3.1. General working mechanism
The main elements of the project are the interpreter kernel, the
m- files representing the standard blocks, the program files and some
files for statistical evaluations.
The processing of a program file is subdivided into an analysing phase
and an interpreting phase. During the analysing phase the interpreter checks
the program structure (number of control flows) and generates the
necessary program structures.
After this the interpretation of the program starts.

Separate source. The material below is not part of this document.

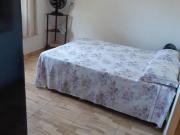 Casa para Venda em Ibirité, Novo Horizonte, 2...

The kernel works in the manner of a finite state machine, which expects output
information from the current block to find the next one.
3.2. Data structures
Because f the restricted capabilities of Matlab 4 regarding structure definition, the
complex data structures of the simulator have been implemented as vectors.
- Transaction
- Structure :[block_entry_time start_of_transaction row_of_next_block]
block_entry_time
| Time when the transaction enters the block.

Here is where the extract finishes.